Valérie Jouve et l’épreuve du réel
Photographies et vidéos de Valérie Jouve créent la symbiose des lieux et des corps qui les hantent. L’espace est à la fois dénudé et trouble, volontairement indéterminé afin que l’étiquette « politique et géographique » soit volontairement ambiguë. Des sous-titres le soulignent : Les Personnages, Les Façades, Les Passants, La Rue, Les Situations, Les Arbres… S’éloignant de la tradition des reportages photographiques humanistes, Valérie Jouve ne rejette pas pour autant les valeurs humaines dans la traversée de diverses frontières . Dont une des plus chaudes : celle qui partage Israël en deux « états ». Néanmoins, le ciel bleu reste intact et identique sous le poids des murailles et des ruines.

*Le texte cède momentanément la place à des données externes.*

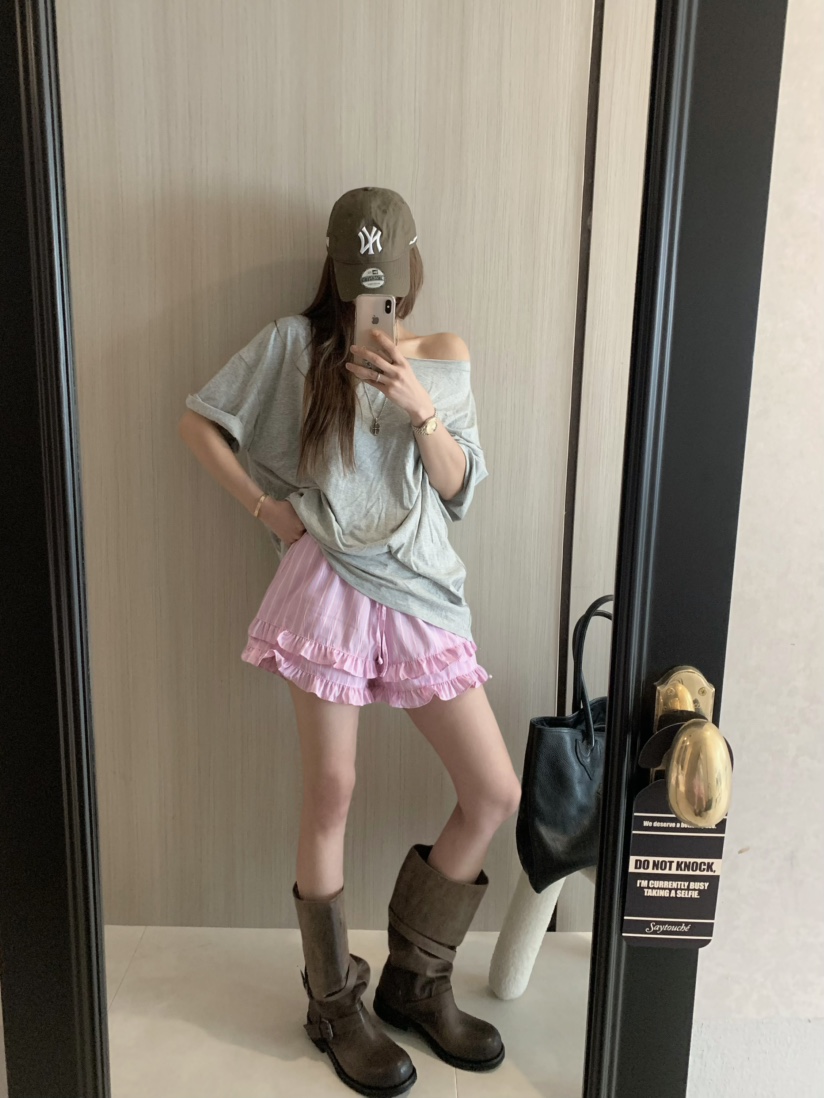 VIRKIN韓國直郵㊣女裝新品休閑人氣時尚熱賣25春夏推薦短褲VIRKIN短褲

L’artiste y saisit des portraits de femmes avec lesquelles elle entame un dialogue avant toute opération photographique. Ressurgit la réalité d’une double mémoire : juive d’un côté, palestinienne de l’autre. Les deux gardent « Un Etat » en otage - fantôme, masse immobile entre l’art et le documentaire, le politique et le poétique. S’y affirme une résistance passive — mais résistance tout de même – aux normalisations idéologiques, sociales, urbaines en ce qui tient de scènes parfois chorégraphiées à l’exemple de Blues (pièce réalisée pour l’exposition) et où l’accrochage devient une composition et une expérience musicale en échos au regard du visiteur.
La rue quotidienne reste la plus anonyme : mais des femmes la réincarnent. Dans le présent, le regardeur découvre un voyage au cœur des dédales du réel. Corps et lieux sont comme fixés dans un temps sans temps, un temps à l’état pur. Si les photos sont prises dans les territoires palestiniens, ces derniers ne sont pas forcément désignés et fléchés comme tels. Valérie Jouve met de la distance entre ce qu’elle choisit de montrer et ce que les images de reportages médiatiques exhibent habituellement. Pour elle, témoigner ne suffit plus même si la photographie ne peut rien. Elle soulève néanmoins des utopies loin de celles, douteuses, de l’humanisme.
jean-paul gavard-perret
Valérie Jouve, Corps en résistance, Musée du Jeu de Paume, Jardin des Tuilerie, Paris été 2015.